TASK DATA -
*** Block opens ***

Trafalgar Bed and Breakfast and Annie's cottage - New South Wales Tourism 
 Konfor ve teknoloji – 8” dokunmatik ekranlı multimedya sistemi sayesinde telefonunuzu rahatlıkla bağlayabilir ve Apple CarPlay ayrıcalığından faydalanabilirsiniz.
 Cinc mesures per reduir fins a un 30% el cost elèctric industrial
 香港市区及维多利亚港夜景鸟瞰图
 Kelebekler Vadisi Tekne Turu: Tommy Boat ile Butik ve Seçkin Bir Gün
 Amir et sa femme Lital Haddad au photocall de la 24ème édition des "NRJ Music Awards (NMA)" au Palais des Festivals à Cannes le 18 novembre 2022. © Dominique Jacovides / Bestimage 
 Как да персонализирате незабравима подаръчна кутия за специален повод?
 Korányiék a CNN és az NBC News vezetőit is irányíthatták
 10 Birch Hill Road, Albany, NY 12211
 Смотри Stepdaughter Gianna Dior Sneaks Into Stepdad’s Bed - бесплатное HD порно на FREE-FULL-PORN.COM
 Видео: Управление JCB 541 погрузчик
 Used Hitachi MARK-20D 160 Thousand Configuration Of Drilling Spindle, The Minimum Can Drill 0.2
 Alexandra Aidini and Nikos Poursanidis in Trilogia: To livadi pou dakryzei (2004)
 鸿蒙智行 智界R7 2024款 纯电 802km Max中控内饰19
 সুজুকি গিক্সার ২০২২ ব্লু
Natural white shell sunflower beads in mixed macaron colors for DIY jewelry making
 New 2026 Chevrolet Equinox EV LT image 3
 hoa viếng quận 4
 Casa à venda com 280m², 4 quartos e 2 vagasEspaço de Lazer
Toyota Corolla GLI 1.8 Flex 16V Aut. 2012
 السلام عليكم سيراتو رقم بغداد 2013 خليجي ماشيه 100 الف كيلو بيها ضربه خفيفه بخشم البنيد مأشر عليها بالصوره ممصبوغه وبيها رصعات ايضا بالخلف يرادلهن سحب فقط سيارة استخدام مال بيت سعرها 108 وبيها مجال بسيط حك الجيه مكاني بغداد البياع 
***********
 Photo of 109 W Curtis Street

*** Block closes ***

WHAT THIS TASK INVOLVES -
Repeat the entries shown above, every one, word for word.

EXERCISE ANSWER -
Trafalgar Bed and Breakfast and Annie's cottage - New South Wales Tourism 
 Konfor ve teknoloji – 8” dokunmatik ekranlı multimedya sistemi sayesinde telefonunuzu rahatlıkla bağlayabilir ve Apple CarPlay ayrıcalığından faydalanabilirsiniz.
 Cinc mesures per reduir fins a un 30% el cost elèctric industrial
 香港市区及维多利亚港夜景鸟瞰图
 Kelebekler Vadisi Tekne Turu: Tommy Boat ile Butik ve Seçkin Bir Gün
 Amir et sa femme Lital Haddad au photocall de la 24ème édition des "NRJ Music Awards (NMA)" au Palais des Festivals à Cannes le 18 novembre 2022. © Dominique Jacovides / Bestimage 
 Как да персонализирате незабравима подаръчна кутия за специален повод?
 Korányiék a CNN és az NBC News vezetőit is irányíthatták
 10 Birch Hill Road, Albany, NY 12211
 Смотри Stepdaughter Gianna Dior Sneaks Into Stepdad’s Bed - бесплатное HD порно на FREE-FULL-PORN.COM
 Видео: Управление JCB 541 погрузчик
 Used Hitachi MARK-20D 160 Thousand Configuration Of Drilling Spindle, The Minimum Can Drill 0.2
 Alexandra Aidini and Nikos Poursanidis in Trilogia: To livadi pou dakryzei (2004)
 鸿蒙智行 智界R7 2024款 纯电 802km Max中控内饰19
 সুজুকি গিক্সার ২০২২ ব্লু
Natural white shell sunflower beads in mixed macaron colors for DIY jewelry making
 New 2026 Chevrolet Equinox EV LT image 3
 hoa viếng quận 4
 Casa à venda com 280m², 4 quartos e 2 vagasEspaço de Lazer
Toyota Corolla GLI 1.8 Flex 16V Aut. 2012
 السلام عليكم سيراتو رقم بغداد 2013 خليجي ماشيه 100 الف كيلو بيها ضربه خفيفه بخشم البنيد مأشر عليها بالصوره ممصبوغه وبيها رصعات ايضا بالخلف يرادلهن سحب فقط سيارة استخدام مال بيت سعرها 108 وبيها مجال بسيط حك الجيه مكاني بغداد البياع 
***********
 Photo of 109 W Curtis Street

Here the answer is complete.